BEGIN Input data
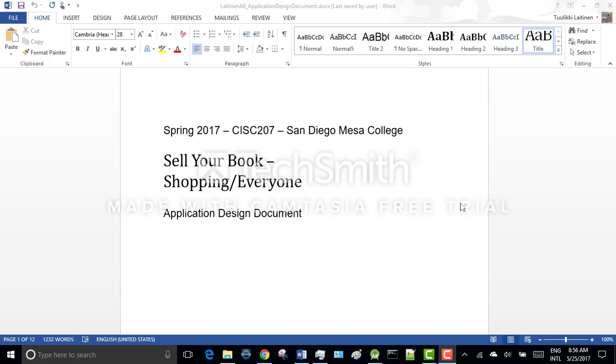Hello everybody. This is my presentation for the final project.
END Input data
BEGIN Input data
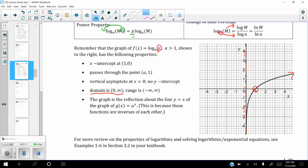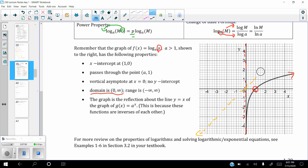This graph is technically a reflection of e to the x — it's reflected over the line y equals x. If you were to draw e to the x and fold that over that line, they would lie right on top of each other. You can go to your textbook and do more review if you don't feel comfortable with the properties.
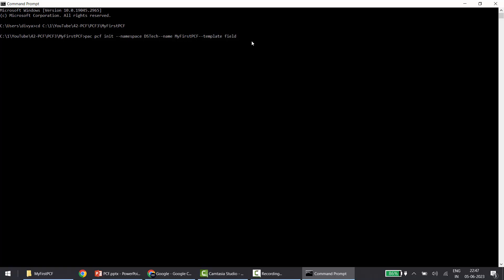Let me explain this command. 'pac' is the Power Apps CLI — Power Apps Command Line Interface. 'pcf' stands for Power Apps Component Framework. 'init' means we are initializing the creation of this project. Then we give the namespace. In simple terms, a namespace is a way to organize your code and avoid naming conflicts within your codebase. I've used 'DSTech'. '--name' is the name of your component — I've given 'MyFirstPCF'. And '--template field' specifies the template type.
END Input data
*Work request*. Using the listing above, repeat word for word each line from the one with "This graph is" down to the one with "Let me explain", both included. Omit all pictures.

*Answer to this problem*.
This graph is technically a reflection of e to the x — it's reflected over the line y equals x. If you were to draw e to the x and fold that over that line, they would lie right on top of each other. You can go to your textbook and do more review if you don't feel comfortable with the properties.
Let me explain this command. 'pac' is the Power Apps CLI — Power Apps Command Line Interface. 'pcf' stands for Power Apps Component Framework. 'init' means we are initializing the creation of this project. Then we give the namespace. In simple terms, a namespace is a way to organize your code and avoid naming conflicts within your codebase. I've used 'DSTech'. '--name' is the name of your component — I've given 'MyFirstPCF'. And '--template field' specifies the template type.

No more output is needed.